The Peerless policy provides coverage for damages based on injuries and property damage for which any insured becomes legally responsible because of an automobile accident. The excess, or “other insurance,” clause in the Peerless policy provides:
“If there is other applicable insurance we will pay only our share of the loss. Our share is the proportion that our limit of liability bears to the total of all applicable limits. However, any insurance we provide for a vehicle you do not own shall be excess over any other collectible insurance, including physical damage insurance provided under this or any other policy.”
Universal contends that its policy does not provide insurance coverage for Kipper because its no liability clause is enforceable and that Peerless is the primary insurer by virtue of the excess clause in the Peerless policy.
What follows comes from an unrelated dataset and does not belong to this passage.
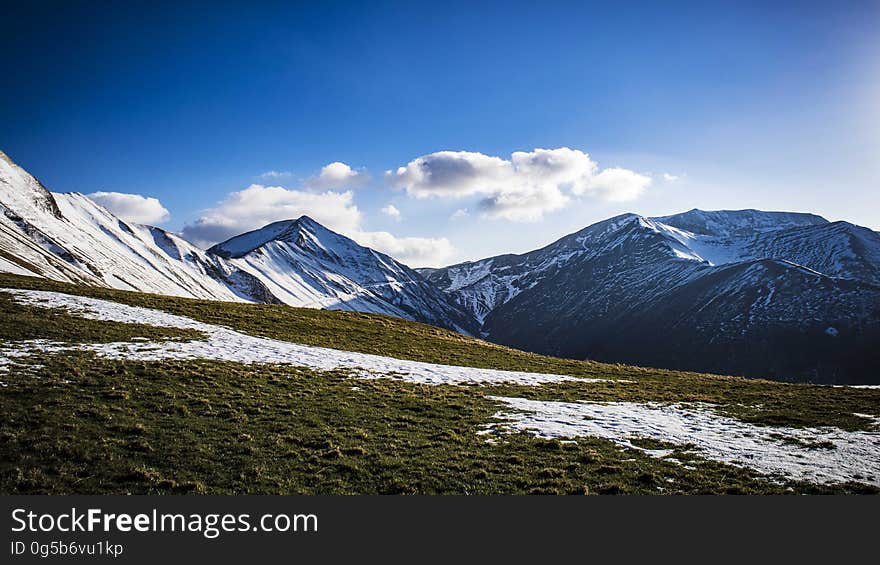 Mountain slopes and peaks partly covered in snow.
On the other hand, Kipper and Peerless contend that Universal’s policy does not in fact contain a no liability clause and that Universal therefore is the primary insurer. While we agree with Universal that its policy does contain a no liability clause, we conclude that the no liability clause is not given effect and that Universal therefore is the primary insurer.
Insurance policies may contain various limiting clauses with labels such as “pro-rata” clauses, “excess” or “other insurance” clauses, and “no liability” or “escape” clauses (see generally State Farm Fire & Cas. Co. v LiMauro, 65 NY2d 369, 373 [1985]). In determining which insurance carrier should be held primarily liable, or indeed whether each insurance carrier must “contribute ratably in such proportion as its policy limit bears to the total of all policy limits,” the precise language of the limiting clauses in the policies must be examined (id. at 374). In addition, there are different rules for apportioning liability between insurance carriers, depending on the types of limiting clauses in the policies (see id. at 373-374).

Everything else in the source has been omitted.